Record set:
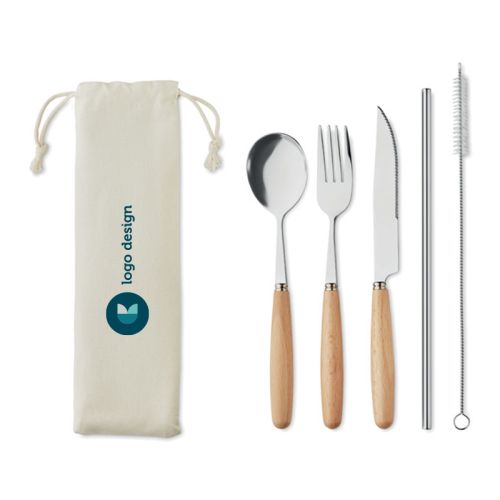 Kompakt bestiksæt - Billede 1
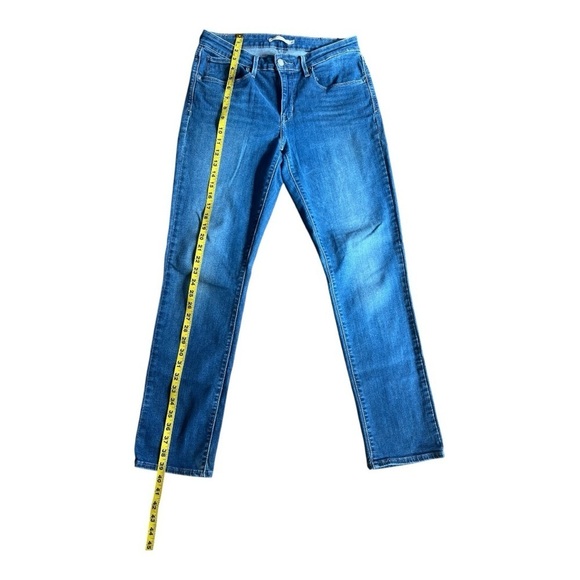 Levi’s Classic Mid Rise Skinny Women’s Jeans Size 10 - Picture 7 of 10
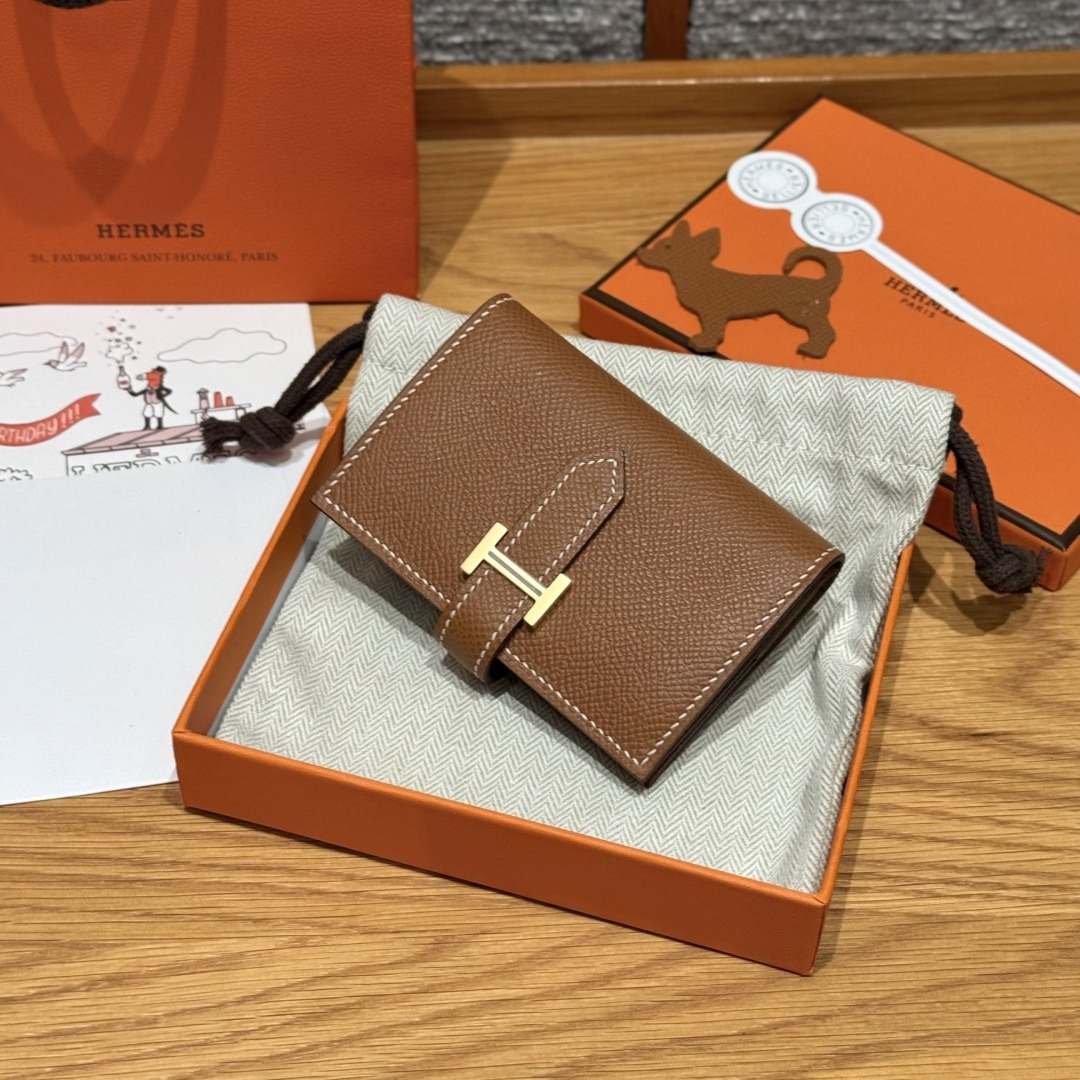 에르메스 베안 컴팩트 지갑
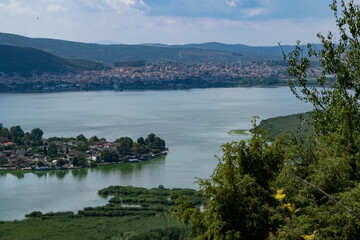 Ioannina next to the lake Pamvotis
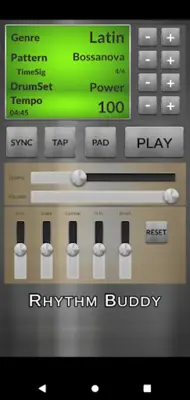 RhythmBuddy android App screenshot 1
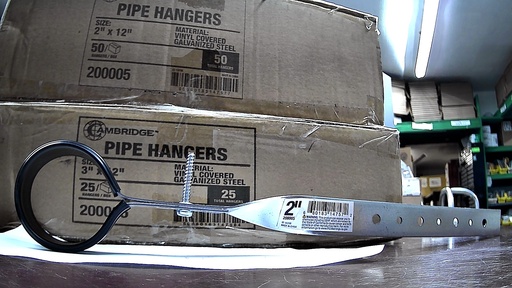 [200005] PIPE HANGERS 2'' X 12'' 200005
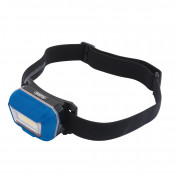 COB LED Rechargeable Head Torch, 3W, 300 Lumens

--

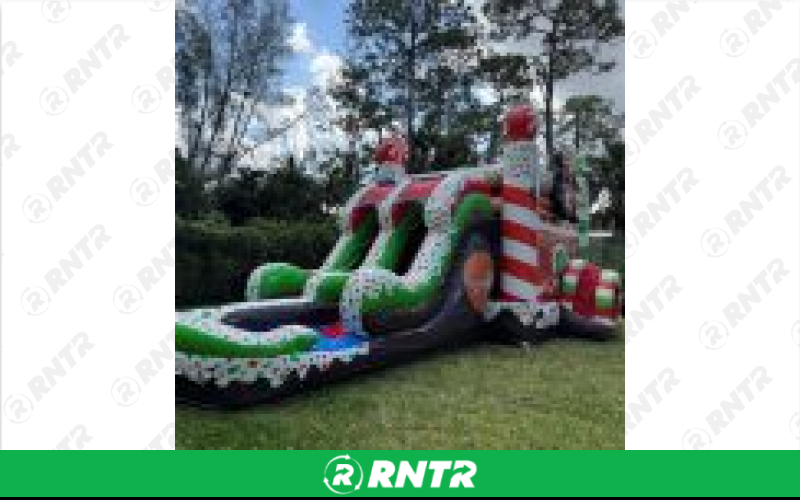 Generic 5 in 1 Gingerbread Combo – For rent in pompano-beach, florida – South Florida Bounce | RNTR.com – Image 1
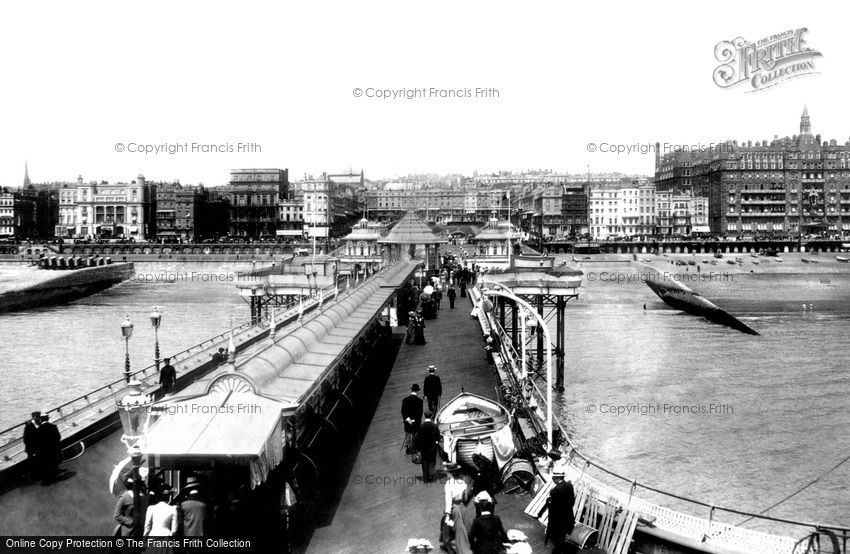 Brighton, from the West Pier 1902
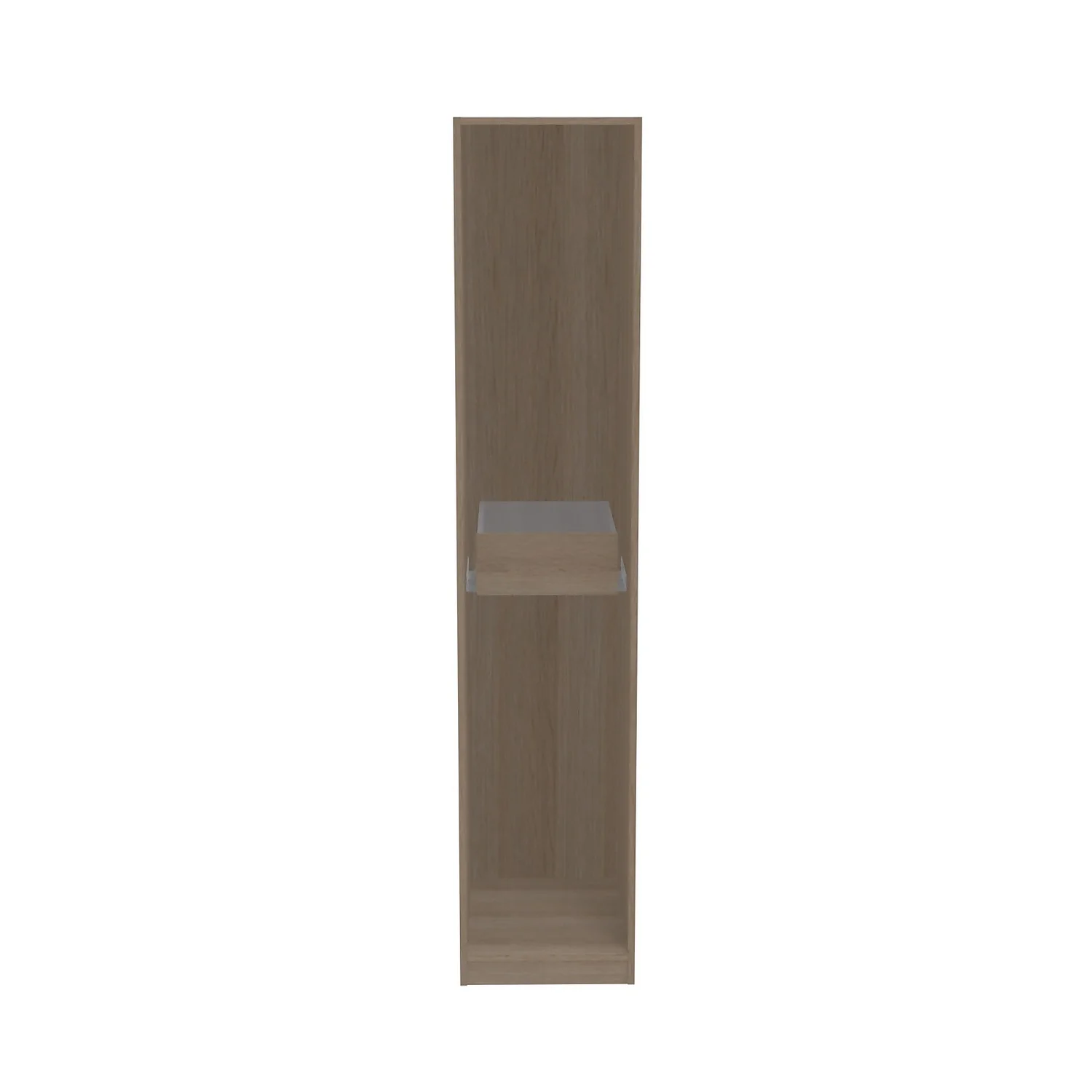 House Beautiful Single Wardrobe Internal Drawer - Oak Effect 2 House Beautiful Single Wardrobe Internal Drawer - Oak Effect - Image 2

What to produce: From the listing above, repeat only the lines between the line containing "Levi’s Classic Mid" and the line containing "COB LED Rechargeable", those two included. Pictures are not part of the copy.

Solution for this exercise:
 Levi’s Classic Mid Rise Skinny Women’s Jeans Size 10 - Picture 7 of 10
 에르메스 베안 컴팩트 지갑
 Ioannina next to the lake Pamvotis
 RhythmBuddy android App screenshot 1
 [200005] PIPE HANGERS 2'' X 12'' 200005
 COB LED Rechargeable Head Torch, 3W, 300 Lumens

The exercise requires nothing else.